3.4. Incidence of Subclinical Mastitis
The evaluation of the presence of subclinical inflammation in the mammary gland in response to CMT is shown in Table 4. In total, 300 cows and 1200 mammary quarters were evaluated. It was found that 71.1% of the mammary quarters were negative for CMT, 21.3% presented trace levels and the remaining 7.6% had positive results (++ or +++). Average CMT positivity per mammary quarter was similar with values ranging between 7.6–8%. Of the studied cows, 229 (76%) presented negative or trace CMT results, while the remaining animals (24%) showed one or more quarters with some degree of positivity. These results indicate that the degree of mammary gland affectation in the analyzed dual-purpose systems was low, with only 7.6% of the quarters with two or more degrees of positivity.
The factors influencing the number of CMT-positive quarters are shown in Table 5.
Only the season, third of lactation, and the variable resulting from the combination between a third of lactation and individual milk production significantly affect the CMT-positive quarters (p < 0.05). In general, a greater positivity was observed during the rainy season and in cows finishing lactation (last third) and with low production levels (1.2 to 3.5 kg/day).
4. Discussion
4.1. Raw Milk Composition
The observed milk quality values are like other reports obtained in tropical conditions [11,19]. Fat and protein values of 3.7 and 3.3%, respectively, have been found under low tropical conditions, with CFU below 500.000/mL [3]. During the descriptive analysis, it was observed that in the rainy and dry seasons of the evaluated systems, 50 and 26.7%, respectively, of the farms presented fat and protein percentages equal to or higher than the values reported for the low tropics. This evidence a high variability in milk quality due to the season factor, causing 50 to 73.3% of the farms to present low fat and protein values during the year. This behavior can be attributed to the variability associated with the availability and quality of the forages used for grazing, especially during the dry season (December–March) when the water deficit severely limits forage biomass production and quality [20,21] prevented from meeting the animal’s nutritional requirements, affecting the milk volume and quality in terms of fat and protein levels [22]. In this sense, the implementation of nutritional alternatives or supplementation practices during the critical seasons has shown to be useful to increase milk production and maintain its solids composition during the year [23].

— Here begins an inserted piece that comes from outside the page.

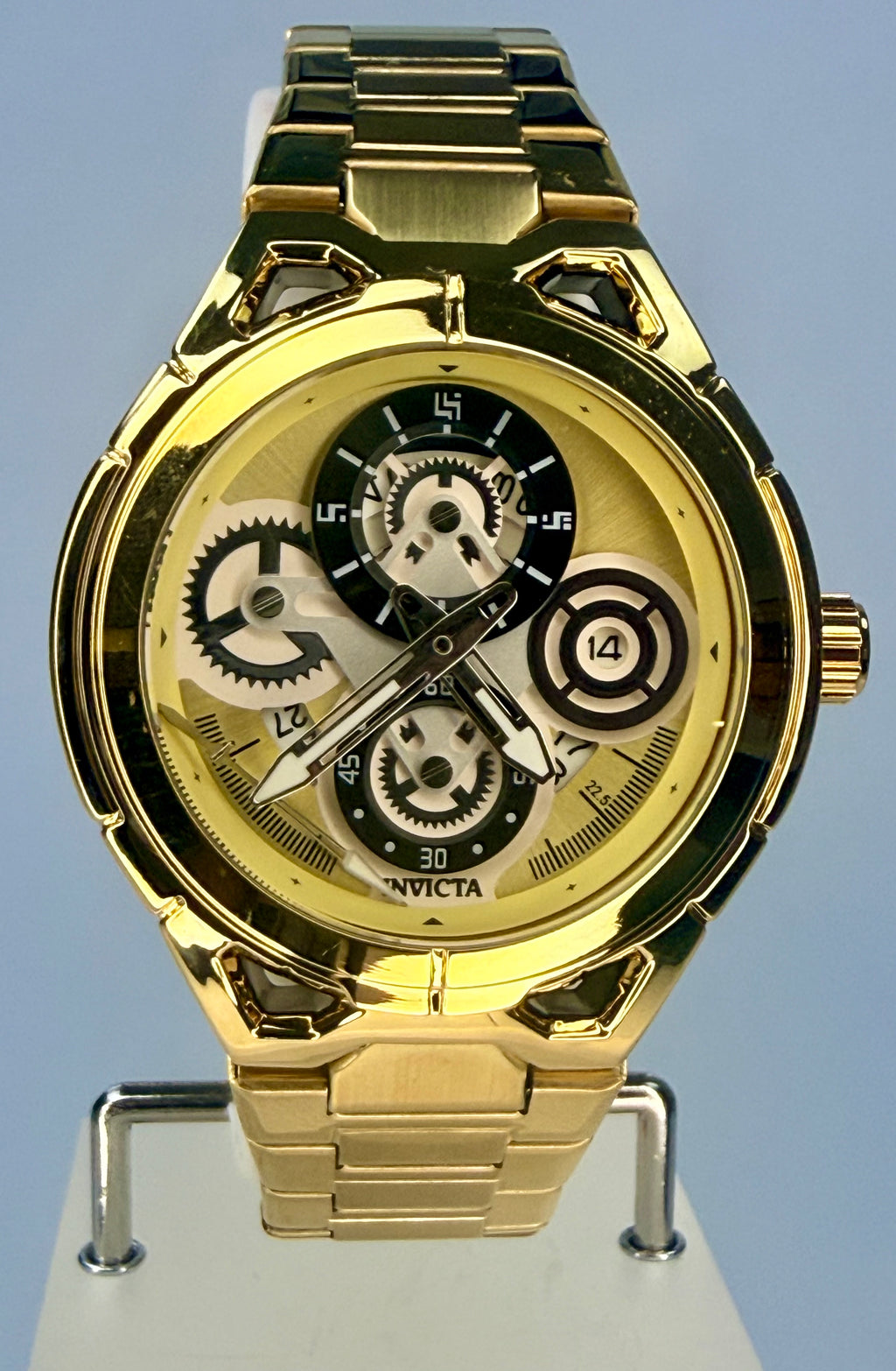 79012 Invicta S1 Rally Syncor 44mm Black Dial Stainless Steel Silicone Watch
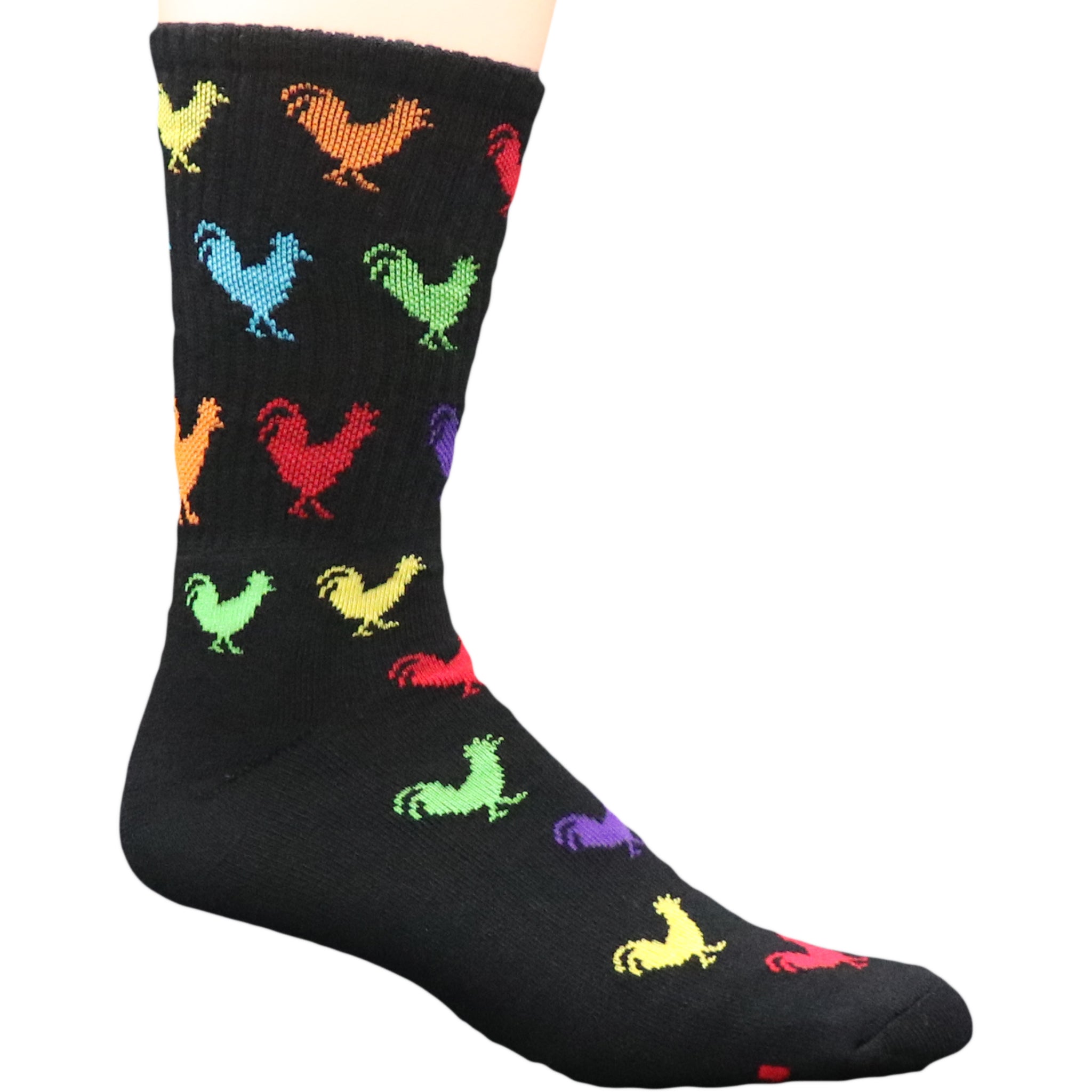 Coo Coo Chicken Crew Socks featuring a colorful chicken design on a vibrant red, white, and green background, perfect for farm lovers.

Regarding the CFU, it was observed that, in the rainy and dry seasons, 33.3 and 23.3%, respectively, of the farms presented values higher than 300.000 CFU/mL, which is the limit allowed for the quality bonuses payment for the production systems located in the studied region [24]. Other studies have reported higher total bacteria counts in tank milk samples during wet and rainy seasons, mainly attributed to the greater difficulty in handling animals with a high presence of sludge in the mammary gland and extremities during milking, and to the increases in the probability of making milk handling errors under these conditions [25,26]. Despite the observed variation in the CFU during the evaluated seasons, between 66.7 to 76.7% of the farms showed CFU values lower than 300.000 CFU/mL, which suggests that within the evaluated systems, the post-milking management does not imply a significant risk on the product sanitary quality, however, there are opportunities for improvement, so it is necessary to re-evaluate the methods of obtaining and storing the milk [19].
4.2. Correlations between Milk Quality Variables
The results of the association milk quality variables were similar to those found in crossbred dairy cattle [27,28]. The direct relationship between TS and fat, protein, lactose, SNF, F–P ratio, and minerals percentages are expected since fat, protein, lactose, and minerals make up the total milk solids. On the other hand, SNF is made up of the same components except for fat [29]. In this way, the greater the TS content, the greater proportion of its constituents is expected, and a better opportunity for transformation in dairy by-products.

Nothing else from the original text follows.